I'm just sitting here watching the wheels go round and round
May 9, 2014 8:44 AM   Subscribe

If you were sitting around in the early years of the Great Depression with $247 burning a hole in your pocket (about $3,800 in today's dollars) and were too lazy to get up and change your records when they finished playing, you might have been tempted by RCA's new Radiola Automatic Electrola RAE-26.

Sure, any cheap machine could play the music, but the RAE-26 would do the heavy lifting and put on a bit of a show at the same time. The video starts to get interesting at the 1 minute mark. This was RCA's third attempt at an automatic record changer for the home, the second already having brought a special meaning to "record reject."

By the late 1930s, some changer designs continued to be a bit cavalier with records. In '49, the top-of-the-line Capehart could still make the owner of the records a bit nervous. As late as the 1950s, the Lincoln Model 50 literally sucked when it changed records. Chris Cuff and his cat explain this "engineering nightmare."

These, of course, were changers for the home. For commercial use, things got a bit more complex. Going back to the early 1930s again, Capehart was the first to achieve practical success. For a mere $1,250 — roughly the price of two new Model A Fords — a business could purchase a Capehart Orchestrope Model 28G.
posted by Longtime Listener (7 comments total) 11 users marked this as a favorite
 
That's pretty cool. Thanks for sharing.

As I look at this, I'm caught in this weird thing where the older I get, the faster time speeds up. So things that I used to feel were a really long time ago historically don't feel that long ago any more, and it's a weird dissonance between looking at old things that used to elicit a certain feeling and this newly developing way of feeling about them. As the last decade of my life flew by, "50 years ago" from my memories in the 1980's that used to feel like an eternity ago now feels like a drop in the bucket, and I'm amazed at the technology differences not so much because they are foreign and ancient, but because it seems like our technology really does progress at a very fast rate.

The good news about this rate of perceived time compression is that at some point I'll probably blink and suddenly find that we have holographic video games and vacation spots on the moon.
posted by SpacemanStix at 9:29 AM on May 9, 2014 [3 favorites]


That first video is really great in how it shows and demonstrates the technology behind this record changer. No time wasted, great music, not a dull or unnecessary moment in the video.
posted by MartinWisse at 9:54 AM on May 9, 2014 [1 favorite]


Neat! I was recently at the Pavek Museum in Minnesota where they demoed their 1927 automatic Victrola for us, which I'm assuming was RCA's first attempt at an automatic player.

My favorite part was the volume control- if you wanted to turn down the volume you had to partially close the door of the cabinet that housed the speaker. Want to crank up the Jolson? Throw the door open!
posted by Esteemed Offendi at 9:59 AM on May 9, 2014 [1 favorite]
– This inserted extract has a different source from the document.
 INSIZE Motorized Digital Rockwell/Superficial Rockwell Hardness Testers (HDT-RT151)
That's beautiful. It's amazing the quality of sound you can get from those old players. I have an old hand-crank player from the 30s; it's just a little, portable thing with the sound projection being purely mechanical (a diaphragm on the tonearm is connected to the needle and amplifies the sound through the tonearm and out through an opening in the box)--but man, it is loud when played with the right needle. There's a kind of damper thing for closing and opening the "speaker" and if you're playing it inside you really need to use it.

What interests me about the RCA machine in the FPP is the Gothic styling. You'd think a "high tech" device like that would be packaged in a much more up-to-the-minute deco or moderne style, wouldn't you? I guess they figured that the hep-cats would want it anyway for its flashy automation and that the bigger concern was persuading the squares that it wasn't too outlandish to take a place in the sitting room.
posted by yoink at 10:33 AM on May 9, 2014 [1 favorite]
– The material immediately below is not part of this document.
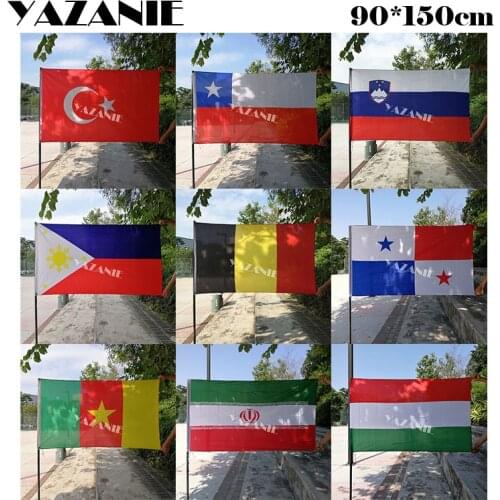 YAZANIE 90x150cm Turkey Chile Slovenia Philippines Belgium Panama Cameroon Iran Iranian Hungary Flying Print Flags and Banners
I assume all of these will spontaneously burst into flames if you try to play Lazaretto on them.
posted by ckape at 11:49 AM on May 9, 2014


Exactly, yoink. My guess is, at that time, records were still attempting to convince people they were the Everyman replacement for symphony tickets on demand, instead of hip new appliances.

No matter how many teenyboppers were getting their first taste of sex-bomb Al Jolson, it's the dad who was shelling out the greenbacks.
posted by IAmBroom at 2:38 AM on May 10, 2014


if you wanted to turn down the volume you had to partially close the door of the cabinet that housed the speaker

Reminded me of this:
Gustav Holst created a unique effect for the conclusion of his orchestral suite The Planets. He stipulated that the women’s chorus was “to be placed in an adjoining room, the door of which is to be left open until the last bar of the piece, when it is to be slowly and silently closed,” and that the final bar, performed by chorus alone, was “to be repeated until the sound is lost in the distance.”